## What needs to be done
Please repeat exactly the line containing "Bella Donna Che" and each line after it in the records below, through the last.

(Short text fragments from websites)
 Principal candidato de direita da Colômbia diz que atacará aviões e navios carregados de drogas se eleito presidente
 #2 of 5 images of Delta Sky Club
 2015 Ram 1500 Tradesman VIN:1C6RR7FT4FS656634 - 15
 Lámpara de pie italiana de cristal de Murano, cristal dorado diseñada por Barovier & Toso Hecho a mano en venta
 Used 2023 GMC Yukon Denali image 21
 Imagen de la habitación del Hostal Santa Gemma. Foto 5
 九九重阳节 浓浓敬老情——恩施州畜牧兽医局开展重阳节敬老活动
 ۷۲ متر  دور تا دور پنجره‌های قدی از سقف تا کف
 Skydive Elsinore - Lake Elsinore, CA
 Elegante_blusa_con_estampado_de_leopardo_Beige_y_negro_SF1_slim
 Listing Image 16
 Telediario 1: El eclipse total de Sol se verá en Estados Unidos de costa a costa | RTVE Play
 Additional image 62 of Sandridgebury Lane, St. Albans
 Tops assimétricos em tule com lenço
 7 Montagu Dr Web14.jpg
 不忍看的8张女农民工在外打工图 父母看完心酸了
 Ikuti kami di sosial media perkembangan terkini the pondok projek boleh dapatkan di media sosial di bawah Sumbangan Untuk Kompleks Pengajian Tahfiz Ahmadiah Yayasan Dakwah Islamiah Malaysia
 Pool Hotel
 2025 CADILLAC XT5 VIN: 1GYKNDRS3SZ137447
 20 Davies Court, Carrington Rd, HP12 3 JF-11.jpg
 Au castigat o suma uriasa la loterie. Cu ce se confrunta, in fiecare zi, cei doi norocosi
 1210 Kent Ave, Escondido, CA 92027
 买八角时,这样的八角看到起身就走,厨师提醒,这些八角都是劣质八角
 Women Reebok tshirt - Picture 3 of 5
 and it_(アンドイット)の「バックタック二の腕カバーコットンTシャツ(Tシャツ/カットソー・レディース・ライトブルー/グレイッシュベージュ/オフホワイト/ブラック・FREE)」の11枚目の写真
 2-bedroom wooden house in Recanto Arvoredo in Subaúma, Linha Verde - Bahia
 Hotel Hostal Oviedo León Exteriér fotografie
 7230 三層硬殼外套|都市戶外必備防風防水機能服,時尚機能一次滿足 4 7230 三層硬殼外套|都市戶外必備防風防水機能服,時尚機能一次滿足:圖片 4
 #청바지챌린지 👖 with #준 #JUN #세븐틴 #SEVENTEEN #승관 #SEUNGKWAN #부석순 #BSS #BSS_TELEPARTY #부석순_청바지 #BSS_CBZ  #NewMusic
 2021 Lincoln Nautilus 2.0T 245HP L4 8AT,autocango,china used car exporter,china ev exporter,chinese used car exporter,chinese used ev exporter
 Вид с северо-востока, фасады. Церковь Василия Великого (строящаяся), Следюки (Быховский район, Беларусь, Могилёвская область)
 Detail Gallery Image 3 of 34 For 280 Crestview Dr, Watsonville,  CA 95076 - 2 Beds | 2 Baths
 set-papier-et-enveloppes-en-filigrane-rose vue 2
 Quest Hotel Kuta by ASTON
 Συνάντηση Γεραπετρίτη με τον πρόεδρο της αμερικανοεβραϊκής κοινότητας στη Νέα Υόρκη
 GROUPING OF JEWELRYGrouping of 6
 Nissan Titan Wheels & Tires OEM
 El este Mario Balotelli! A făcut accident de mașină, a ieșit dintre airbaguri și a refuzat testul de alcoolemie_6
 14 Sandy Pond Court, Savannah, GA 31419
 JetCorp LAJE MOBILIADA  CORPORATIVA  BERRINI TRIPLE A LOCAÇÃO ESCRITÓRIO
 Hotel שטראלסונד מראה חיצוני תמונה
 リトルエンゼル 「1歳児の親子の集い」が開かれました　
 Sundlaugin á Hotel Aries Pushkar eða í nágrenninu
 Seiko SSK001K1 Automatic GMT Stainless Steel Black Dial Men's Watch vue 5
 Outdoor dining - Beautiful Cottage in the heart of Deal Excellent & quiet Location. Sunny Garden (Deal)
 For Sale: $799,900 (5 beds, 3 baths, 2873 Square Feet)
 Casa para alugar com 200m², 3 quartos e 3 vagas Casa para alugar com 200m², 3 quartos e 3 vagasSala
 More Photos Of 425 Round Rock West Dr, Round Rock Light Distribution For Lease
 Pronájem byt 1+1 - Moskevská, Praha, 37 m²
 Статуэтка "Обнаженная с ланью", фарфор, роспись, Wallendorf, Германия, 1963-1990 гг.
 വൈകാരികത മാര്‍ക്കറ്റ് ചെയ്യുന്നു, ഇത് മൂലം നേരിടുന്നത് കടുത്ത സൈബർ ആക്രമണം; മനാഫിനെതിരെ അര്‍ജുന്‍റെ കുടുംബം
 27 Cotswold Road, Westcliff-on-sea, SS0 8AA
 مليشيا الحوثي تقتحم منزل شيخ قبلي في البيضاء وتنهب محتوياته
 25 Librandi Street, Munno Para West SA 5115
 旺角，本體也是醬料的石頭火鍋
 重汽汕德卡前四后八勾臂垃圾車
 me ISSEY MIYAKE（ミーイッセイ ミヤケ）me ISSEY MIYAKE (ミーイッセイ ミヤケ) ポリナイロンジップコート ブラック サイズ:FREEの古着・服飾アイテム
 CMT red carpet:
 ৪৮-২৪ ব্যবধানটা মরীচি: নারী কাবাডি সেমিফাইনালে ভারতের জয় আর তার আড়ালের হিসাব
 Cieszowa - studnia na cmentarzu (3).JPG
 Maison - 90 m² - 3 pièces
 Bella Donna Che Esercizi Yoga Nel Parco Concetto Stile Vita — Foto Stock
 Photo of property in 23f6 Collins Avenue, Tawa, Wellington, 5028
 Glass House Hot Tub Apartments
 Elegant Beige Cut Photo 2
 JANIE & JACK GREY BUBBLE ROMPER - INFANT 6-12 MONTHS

## Your response
 Bella Donna Che Esercizi Yoga Nel Parco Concetto Stile Vita — Foto Stock
 Photo of property in 23f6 Collins Avenue, Tawa, Wellington, 5028
 Glass House Hot Tub Apartments
 Elegant Beige Cut Photo 2
 JANIE & JACK GREY BUBBLE ROMPER - INFANT 6-12 MONTHS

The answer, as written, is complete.